The bulk of Engineer’s autobiography — almost two-thirds of the book — is a chronicle of his travels in the West, Asia and Africa which he visited to attend conferences on religion, particularly on Islam, radicalism and inter-faith relations. (Curiously, the book doesn’t even mention Engineer’s extensive travels within India). Here, we learn about his efforts at the international level, in which Engineer played an active role, to promote inter-religious dialogue for more humane interpretations of religion, to counter terrorism in the name of Islam and to build bridges between people of different religious faiths.

After devoting more than 200 pages describing his travels abroad to deliberate issues pertaining to religion in the contemporary world, Engineer spares less than ten pages to wind up his memoir. In a section titled ‘Looking Back, Looking Ahead’, he reflects on what he sees as the purpose of his life — achieving social justice, promoting inter-communal harmony, world-healing, and so on.

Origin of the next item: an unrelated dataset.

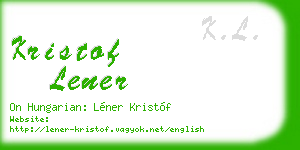 kristof lener business card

All this is very laudable, and the reader can’t be left unimpressed by Engineer’s many intellectual achievements and activities. Yet, this section appears all too brief, inadequate and abrupt. Given that the greater part of the book is about the author’s wealth of experience on the international conference circuit, some readers are bound to notice the lack of any reflection on the usefulness or otherwise of such efforts, in terms of practical achievement and transforming people’s hearts and minds.

But despite this, Engineer’s just-in-time memoir, is in parts, powerfully inspiring, revealing a heroic individual who devoted his life to causes in which he believed.